Tantos… Lançar a L’Oréal Make-UP na Indonésia quando tinha apenas 23 anos e tinha acabado de chegar aquele país (não havia intenet na altura :-)). Criar a linha de cuidados de cabelo Dove e lançá-la em 26 países em simultâneo. Transformar a Sephora numa marca internacional, fonte de inovação constante e capaz de crescer dois digitos anualmente. E, agora, conduzir a Kenzo a um nível superior!
TRUQUE PARA ATERRAR COM BOA CARA
Há muito que as viagens de avião não têm segredos para Patricia Tranvouëz, habituada a viajar pelo mundo em trabalho e em lazer. Com um percurso profissional todo feito no mundo da beleza não resistimos a perguntar-lhe qual o segredo para ter uma boa cara após um voo de longa distância. “Dormir toda a noite no avião (não comer, nem ver filmes). E aplicar Kenzoki para aterrar com uma pele radiosa.”
O que a faz perder o sono?
Se um dos meus filhos tiver um problema.
A sua vida mudou muito desde que se tornou CEO?
Nem por isso. Tenho de tomar mais decisões sozinha, mas de resto nada mudou.
Qual o segredo do sucesso da sua carreira?
Não é bem um segredo: trabalho, paixão, confiar nas pessoas, ter coragem e levar uma vida equilbrada.

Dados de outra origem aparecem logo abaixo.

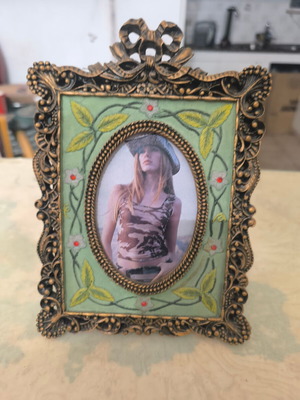 Vintage photo frame with oval opening and embossed design like new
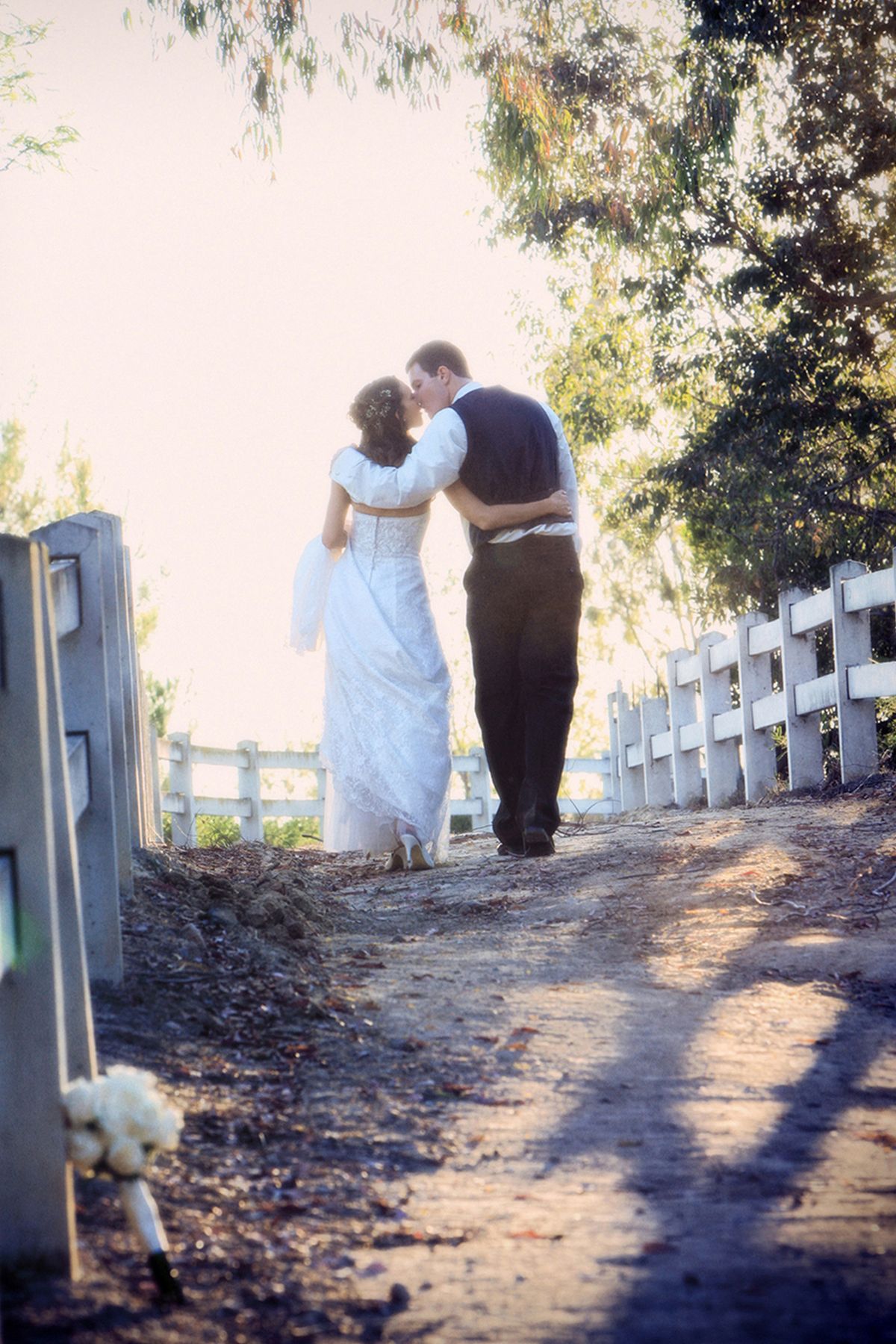 Couple walking along a sunlit path with white fence and trees in background.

Que conselho deixaria a uma jovem que está em início de carreira?
Mulher ou homem… para mim não há razão para dar conselhos diferentes à nova geração: arrisque, não seja um seguidor proponha e defenda as suas ideias, trabalhe e divirta-se, e tenha sempre presente de que nada é impossível.
O CV DE PATRICIA TRANVOUËZ
Licenciada na prestigiada escola de negócios francesa HEC, em 1992, Patricia Tranvouëz iniciou a carreira como assistente de gestora de produto na Colgate Palmolive. Dois anos depois entrou na L’Oréal Indonésia como gestora de produto. Em poucos meses aprendeu a língua e mostrou que o seu estilo de liderança – pensar constantemente fora da caixa, ser inovadora e empreendedora – era o ideal para lançar com sucesso uma linha de maquilhagem no difícil mercado indonésio.
Já era diretora de marketing quando a Lever-Fabergé lhe fez uma proposta irrecusável: dirigir a sua direção de marketing de produtos capilares para a Europa. Sob a sua batuta ficaram as várias marcas e, especialmente, o desenvolvimento e lançamento da linha de cuidados de cabelo Dove.
Em 2004 integrou o grupo de luxo LVMH como diretora de marca na Sephora, tornando-se depois diretora-geral da S+, a subsidiária que fundou para criar as marcas exclusivas que hoje se vendem nas lojas Sephora, como as linhas Rexaline ou Fred Farrugia, por exemplo. Desde maio de 2010 que é diretora-geral da KENZO, abraçando o desafio de levar a marca a um nível superior.